AICredits is India-operated, which means for Indian users the proxy hop may actually be faster than routing to a US-based proxy and back. I haven't done systematic benchmarking on this, but for latency-sensitive applications it's worth testing with your actual use case.
For batch processing, background jobs, and anything non-real-time, the latency difference is irrelevant.
The honest take
For Indian developers, AICredits wins on the dimension that actually matters: you can pay for it with money you already have in your bank account. OpenRouter is technically comparable and has broader model coverage, but if you can't fund it without jumping through billing hoops, its feature list doesn't matter.
If you have an international card already set up and you're mainly choosing between the two on technical merits, OpenRouter's edge in niche model coverage might tip the balance for specific use cases. For everyone else — especially indie developers, small Indian startups, and teams where not everyone has international cards — AICredits is the practical choice.

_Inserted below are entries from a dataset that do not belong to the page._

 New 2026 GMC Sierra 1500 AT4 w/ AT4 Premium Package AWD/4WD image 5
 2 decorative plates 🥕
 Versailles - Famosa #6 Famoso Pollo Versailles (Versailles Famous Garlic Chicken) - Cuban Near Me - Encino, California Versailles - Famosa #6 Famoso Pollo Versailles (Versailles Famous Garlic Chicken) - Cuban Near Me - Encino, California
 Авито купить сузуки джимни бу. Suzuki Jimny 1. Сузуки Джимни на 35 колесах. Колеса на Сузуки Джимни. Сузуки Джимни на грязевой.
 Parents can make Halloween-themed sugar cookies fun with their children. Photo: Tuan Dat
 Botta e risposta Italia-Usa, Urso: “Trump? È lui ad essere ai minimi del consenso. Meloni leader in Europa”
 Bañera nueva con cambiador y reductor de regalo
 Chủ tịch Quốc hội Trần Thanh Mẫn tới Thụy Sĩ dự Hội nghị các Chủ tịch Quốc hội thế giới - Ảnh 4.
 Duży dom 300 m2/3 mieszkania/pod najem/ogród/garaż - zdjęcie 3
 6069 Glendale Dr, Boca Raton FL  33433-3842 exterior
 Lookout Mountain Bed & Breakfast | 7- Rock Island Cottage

Both are OpenAI-compatible, both have automatic failover, both let you switch models with a string change. The payment question is the real differentiator.
If you're building RAG pipelines or AI agents on top of either platform, the underlying API access patterns are identical — the prompting and architecture decisions are what matter at that point.